[Collected data entries]
_ _ _
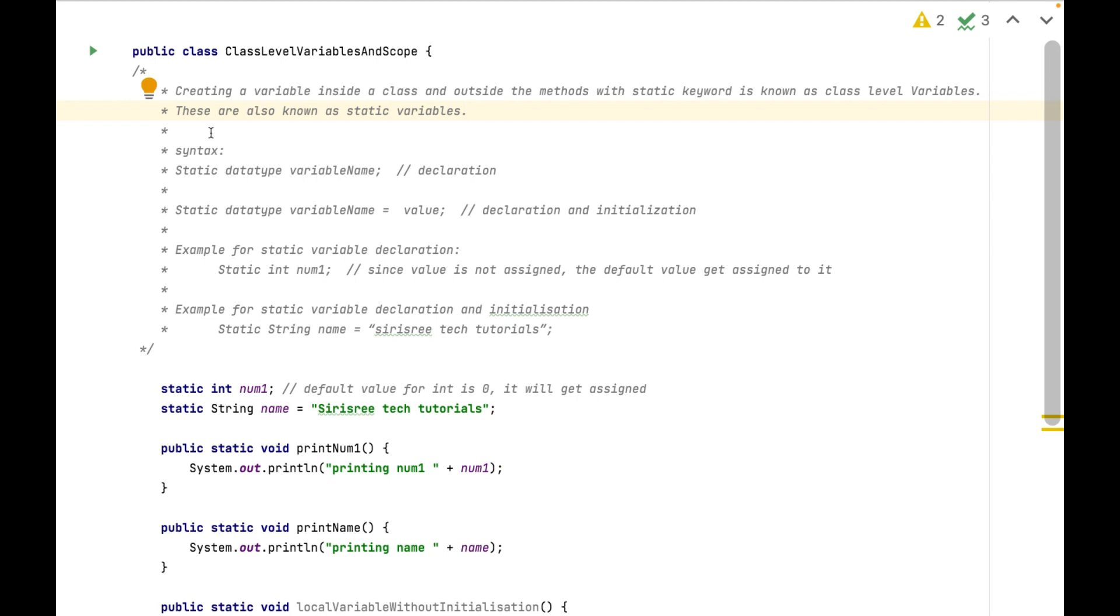We can also create variables or methods without static keyword. This I will explain in the upcoming sessions. For now, we will concentrate on creating static variables.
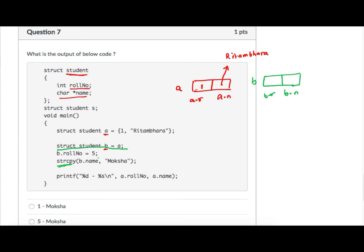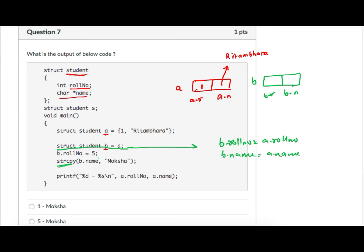When we say struct student b = a, it means b.roll_number = a.roll_number and b.name = a.name. So b.roll_number gets 1 and b.name is a pointer to the same memory location as a.name. Since both are pointers and the pointer value is copied, both a.name and b.name are pointing to the same memory location.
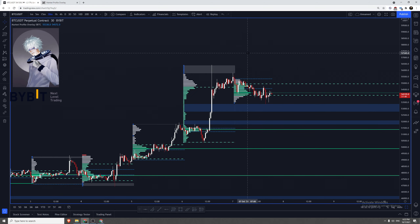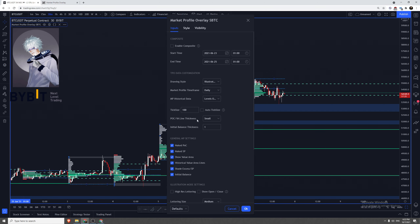Now let's get into the general market profile settings, starting with what I think is the easiest to get familiar with — naked POCs. This is actually how the market profile indicator started, and when people first saw it they loved it. Let me break down what a POC is. The POC is the point of control — in market profile terms, it's where the most TPO has occurred, or in general terms, it's where the price has hovered around the most.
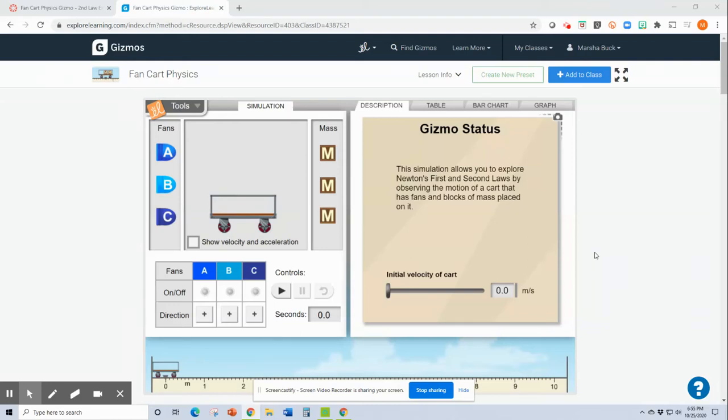Hey guys, I wanted to make a very short video just to show you and make sure you know how to use the gizmo. It is called Fankhart Physics.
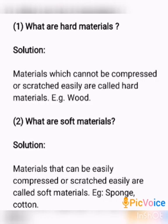Materials which cannot be compressed or scratched easily are called hard materials. Example: Wood.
_ _ _
## Task instructions
Give back exactly the lines from the one with "When we say" through the end of the records above, inclusive, and omit any pictures.

## Answer for this exercise
When we say struct student b = a, it means b.roll_number = a.roll_number and b.name = a.name. So b.roll_number gets 1 and b.name is a pointer to the same memory location as a.name. Since both are pointers and the pointer value is copied, both a.name and b.name are pointing to the same memory location.
Now let's get into the general market profile settings, starting with what I think is the easiest to get familiar with — naked POCs. This is actually how the market profile indicator started, and when people first saw it they loved it. Let me break down what a POC is. The POC is the point of control — in market profile terms, it's where the most TPO has occurred, or in general terms, it's where the price has hovered around the most.
Hey guys, I wanted to make a very short video just to show you and make sure you know how to use the gizmo. It is called Fankhart Physics.
Materials which cannot be compressed or scratched easily are called hard materials. Example: Wood.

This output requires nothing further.